→ Stored items:

━━━━━━━━━━━━━━━━━━━━

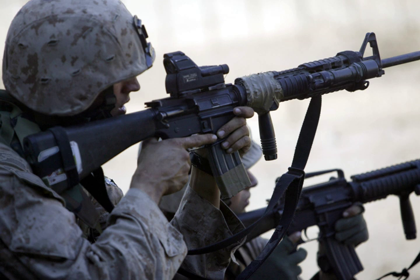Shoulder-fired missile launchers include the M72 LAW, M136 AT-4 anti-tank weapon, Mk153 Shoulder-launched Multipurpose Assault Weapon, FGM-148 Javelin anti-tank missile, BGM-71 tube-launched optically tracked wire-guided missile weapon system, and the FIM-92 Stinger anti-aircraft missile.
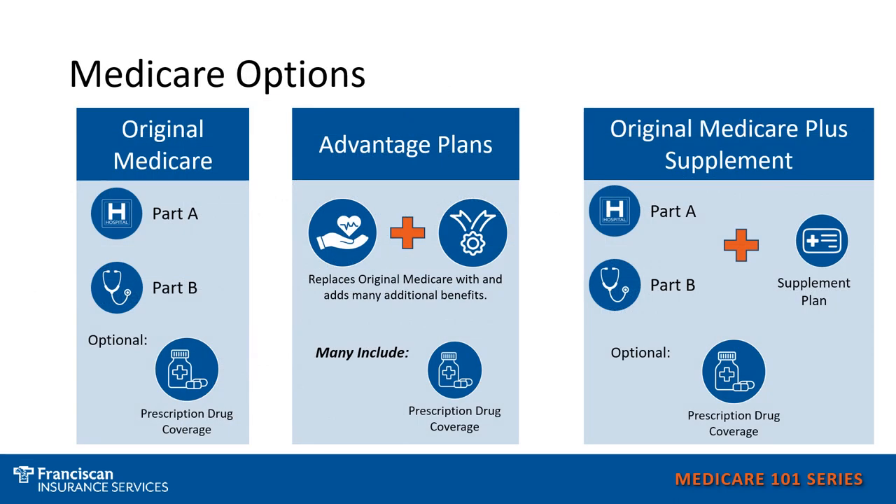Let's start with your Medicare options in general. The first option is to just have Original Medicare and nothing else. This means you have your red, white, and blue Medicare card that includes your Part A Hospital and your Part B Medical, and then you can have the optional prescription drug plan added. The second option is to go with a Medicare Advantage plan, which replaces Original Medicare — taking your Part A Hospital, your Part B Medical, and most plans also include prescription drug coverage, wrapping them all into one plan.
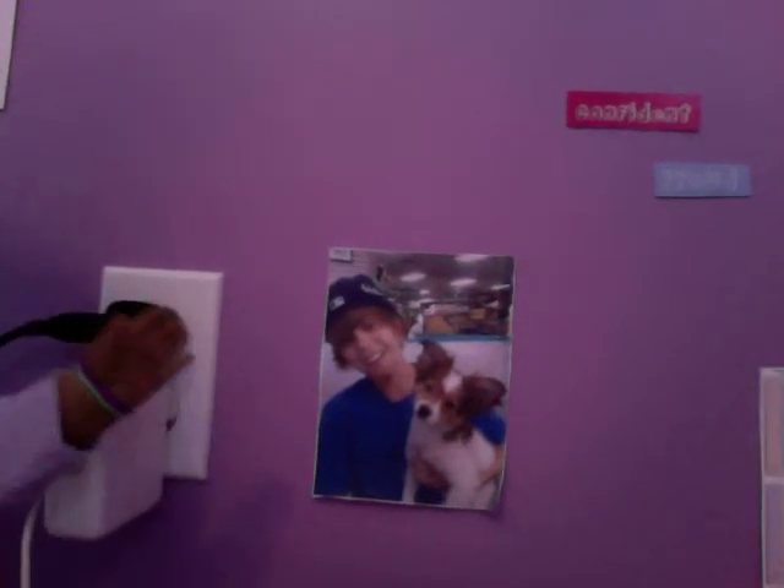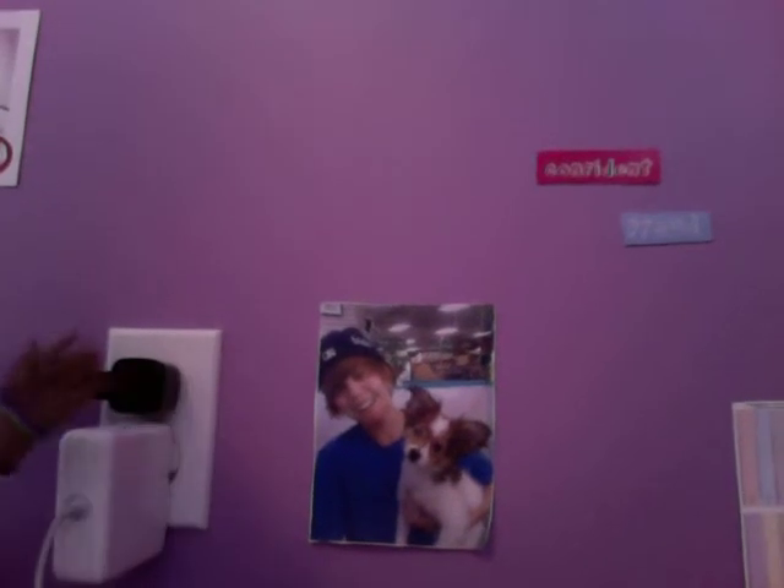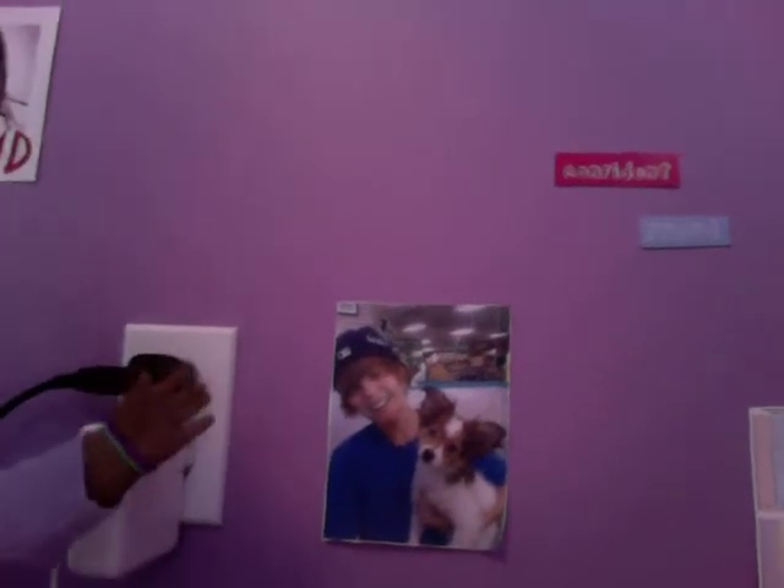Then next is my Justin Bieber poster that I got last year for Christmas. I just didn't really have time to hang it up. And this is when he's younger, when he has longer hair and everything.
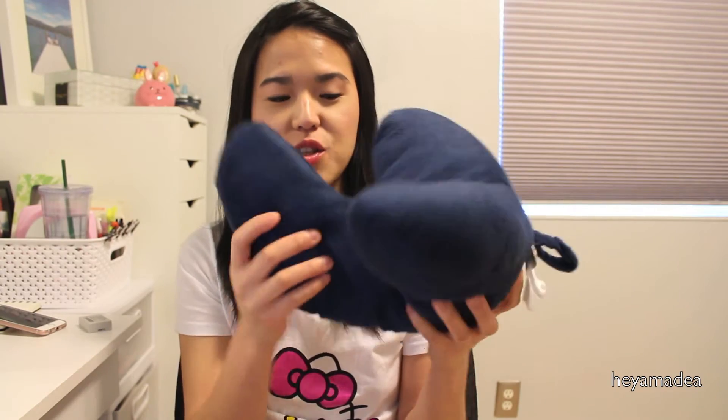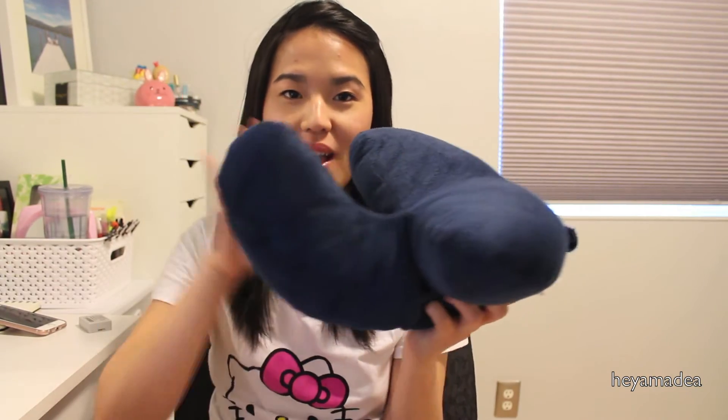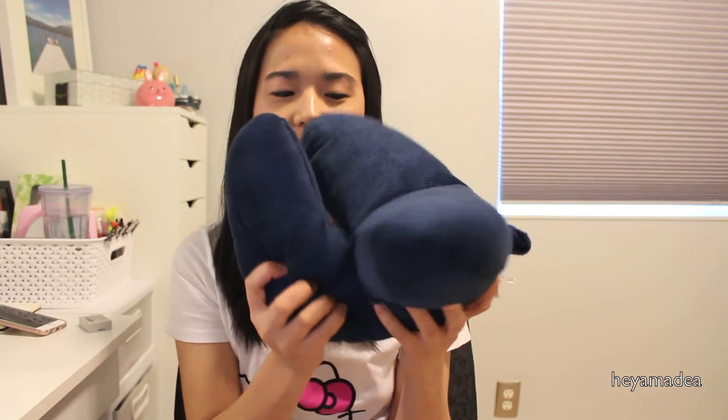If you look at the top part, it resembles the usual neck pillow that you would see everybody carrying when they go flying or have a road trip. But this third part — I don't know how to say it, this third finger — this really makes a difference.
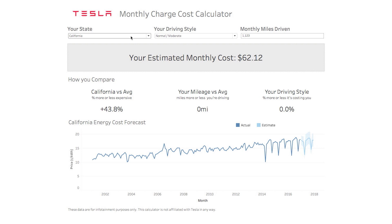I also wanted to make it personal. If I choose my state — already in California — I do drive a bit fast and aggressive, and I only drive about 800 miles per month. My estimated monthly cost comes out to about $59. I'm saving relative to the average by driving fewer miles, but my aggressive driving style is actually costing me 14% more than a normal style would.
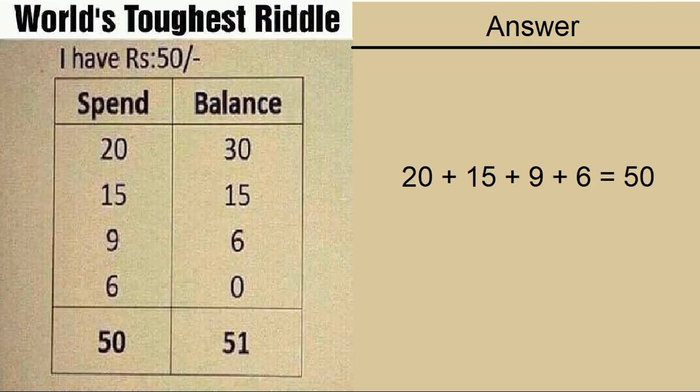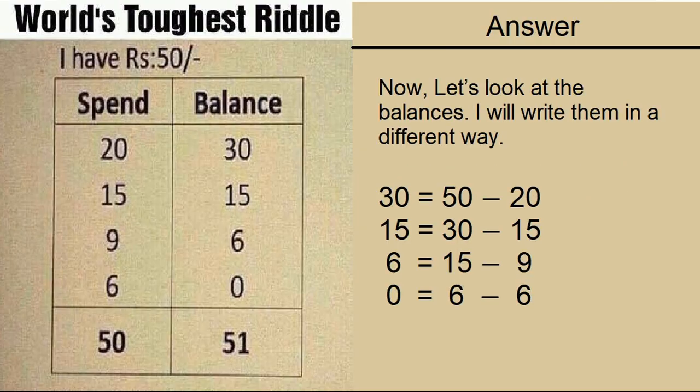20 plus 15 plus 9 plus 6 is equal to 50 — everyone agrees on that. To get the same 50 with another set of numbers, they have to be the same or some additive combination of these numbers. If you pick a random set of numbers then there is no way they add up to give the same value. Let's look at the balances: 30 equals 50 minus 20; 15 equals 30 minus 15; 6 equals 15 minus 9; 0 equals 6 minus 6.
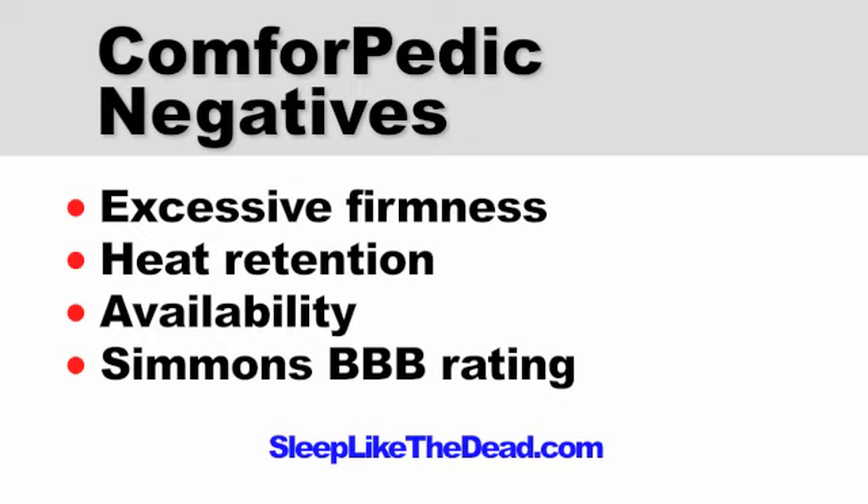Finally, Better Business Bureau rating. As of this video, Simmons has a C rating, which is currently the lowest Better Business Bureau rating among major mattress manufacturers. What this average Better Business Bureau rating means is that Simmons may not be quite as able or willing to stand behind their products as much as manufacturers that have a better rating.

━━━━━━━━━━━━━━━━━━━━

→ Task prompt: Set down every entry word for word, but omit the pictures.

→ Finished task:
Shoulder-fired missile launchers include the M72 LAW, M136 AT-4 anti-tank weapon, Mk153 Shoulder-launched Multipurpose Assault Weapon, FGM-148 Javelin anti-tank missile, BGM-71 tube-launched optically tracked wire-guided missile weapon system, and the FIM-92 Stinger anti-aircraft missile.
Let's start with your Medicare options in general. The first option is to just have Original Medicare and nothing else. This means you have your red, white, and blue Medicare card that includes your Part A Hospital and your Part B Medical, and then you can have the optional prescription drug plan added. The second option is to go with a Medicare Advantage plan, which replaces Original Medicare — taking your Part A Hospital, your Part B Medical, and most plans also include prescription drug coverage, wrapping them all into one plan.
Then next is my Justin Bieber poster that I got last year for Christmas. I just didn't really have time to hang it up. And this is when he's younger, when he has longer hair and everything.
If you look at the top part, it resembles the usual neck pillow that you would see everybody carrying when they go flying or have a road trip. But this third part — I don't know how to say it, this third finger — this really makes a difference.
I also wanted to make it personal. If I choose my state — already in California — I do drive a bit fast and aggressive, and I only drive about 800 miles per month. My estimated monthly cost comes out to about $59. I'm saving relative to the average by driving fewer miles, but my aggressive driving style is actually costing me 14% more than a normal style would.
20 plus 15 plus 9 plus 6 is equal to 50 — everyone agrees on that. To get the same 50 with another set of numbers, they have to be the same or some additive combination of these numbers. If you pick a random set of numbers then there is no way they add up to give the same value. Let's look at the balances: 30 equals 50 minus 20; 15 equals 30 minus 15; 6 equals 15 minus 9; 0 equals 6 minus 6.
Finally, Better Business Bureau rating. As of this video, Simmons has a C rating, which is currently the lowest Better Business Bureau rating among major mattress manufacturers. What this average Better Business Bureau rating means is that Simmons may not be quite as able or willing to stand behind their products as much as manufacturers that have a better rating.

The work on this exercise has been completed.